The ICO accepts that data minimisation and data retention principles could be difficult to comply with. Despite this, the ICO insists that businesses that carry out big data analytics must define the aim of such analysis at the outset and ensure that the personal data they use is not excessive and is relevant to the aim. Businesses should ensure that the data retention requirements are enforced, as set out under the GDPR.
Data accuracy and data quality are key issues raised in the updated Big Data report. If big data analytics is based on inaccurate data, machine learning algorithms may make decisions that are erroneous or unjustified. Businesses relying on big data analytics will need to ensure that they build discrimination detection into their machine learning systems to prevent discriminatory outcomes.

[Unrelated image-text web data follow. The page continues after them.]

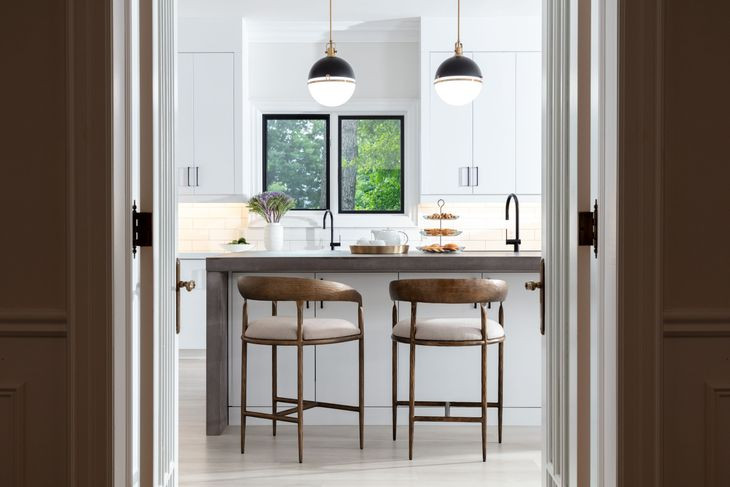 Zanatta Zenith Taupe Gray Counter Height Stool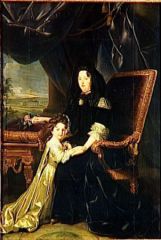 Françoise d'Aubigné et sa nièce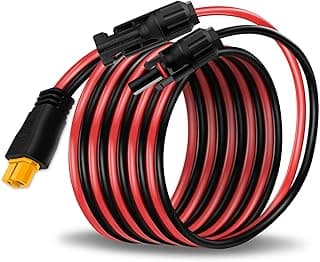Cabo de painel solar COMeap 3m com conectores MC-4 e XT60, preto e vermelho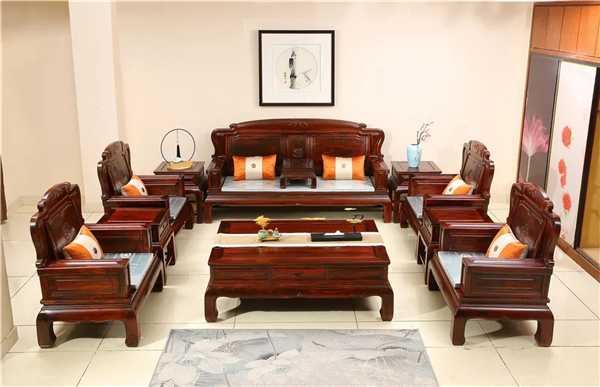 古森紅木精品絨毛黃檀家具《吉祥如意沙發(fā)》 古森紅木精品絨毛黃檀家具《吉祥如意沙發(fā)》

The ICO provides six key recommendations for compliance with the GDPR:
1) anonymise personal data, where personal data is not necessary for the analysis;
2) be transparent about the use of personal data for big data analytics and provide privacy notices at appropriate stages throughout a big data project;
3) embed a privacy impact assessment process into big data projects to help identify privacy risks and address them;
4) adopt a privacy by design approach in the development and application of big data analytics;
5) develop ethical principles to help reinforce key data protection principles; and
6) implement internal and external audits of machine learning algorithms to check for bias, discrimination and errors.
The newly released Big Data report by the ICO is a discussion paper, and the ICO will continue its work helping organisations to comply by issuing further guidance on ‘profiling’ and ‘risk’.
Big data is also a focus of attention at EU level. The EU Parliament adopted a resolution on 14 March 2017 on Big Data that urges the private and public sectors to bring their big data practices in line with EU data protection legal standards and safeguards, including the GDPR (“Resolution on Fundamental Rights Implications of Big Data: Privacy, Data Protection, Non-discrimination, Security and Law-Enforcement”). It calls for the EU Commission, the European Data Protection Board, and national data protection authorities to develop “concrete standards that protect fundamental rights and guarantees associated with the use of data processing and analytics by the private and public sector”.